Con studi di economia alle spalle, Salgado approda tardi nel mondo della fotografia, occupandovi subito una posizione di primo rango. Le sue opere si ispirano a quelle dei maestri europei, filtrate però dall’eredità culturale sudamericana. Esse attirano l’attenzione su tematiche scottanti, come i diritti dei lavoratori, la povertà e gli effetti distruttivi dell’economia di mercato nei Paesi in via di sviluppo. Una delle sue raccolte più famose è ambientata nella miniera d’oro della Serra Pelada, in Brasile, e documenta un abuso dei diritti umani senza precedenti. Migliaia di persone sono ritratte mentre si arrampicano fuori da un’enorme cava su primitive scale a pioli, costretti a caricare sacchi di fango che potrebbero contenere tracce d’oro.

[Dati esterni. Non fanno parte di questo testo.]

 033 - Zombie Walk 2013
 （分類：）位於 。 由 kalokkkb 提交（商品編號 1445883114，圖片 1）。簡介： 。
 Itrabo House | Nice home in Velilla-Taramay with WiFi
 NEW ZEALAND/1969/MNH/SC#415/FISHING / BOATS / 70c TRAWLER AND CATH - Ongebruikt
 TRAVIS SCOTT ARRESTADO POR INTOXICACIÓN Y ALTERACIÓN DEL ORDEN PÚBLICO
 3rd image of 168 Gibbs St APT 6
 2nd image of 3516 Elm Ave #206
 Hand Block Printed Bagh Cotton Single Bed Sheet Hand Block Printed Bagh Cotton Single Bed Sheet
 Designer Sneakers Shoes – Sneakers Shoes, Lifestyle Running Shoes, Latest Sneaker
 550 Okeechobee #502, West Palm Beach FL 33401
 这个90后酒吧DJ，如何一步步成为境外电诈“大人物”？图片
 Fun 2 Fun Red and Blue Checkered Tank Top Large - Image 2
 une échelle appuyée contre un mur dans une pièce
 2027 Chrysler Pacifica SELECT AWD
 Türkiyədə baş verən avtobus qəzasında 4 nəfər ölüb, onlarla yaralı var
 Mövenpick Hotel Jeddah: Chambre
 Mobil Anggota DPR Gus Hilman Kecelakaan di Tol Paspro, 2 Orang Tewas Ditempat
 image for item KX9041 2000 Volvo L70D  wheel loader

Salgado scattava nel modo tradizionale, usando pellicola fotografica in bianco e nero e una fotocamera standard da 35 mm: strumenti portatili e poco ingombranti. È nota la sua preferenza per le macchine Leica, in virtù della qualità dei loro obiettivi. Particolarmente attento alla resa dei toni della stampa finale, Salgado applica uno sbiancante con un pennello per ridurre le ombre troppo intense.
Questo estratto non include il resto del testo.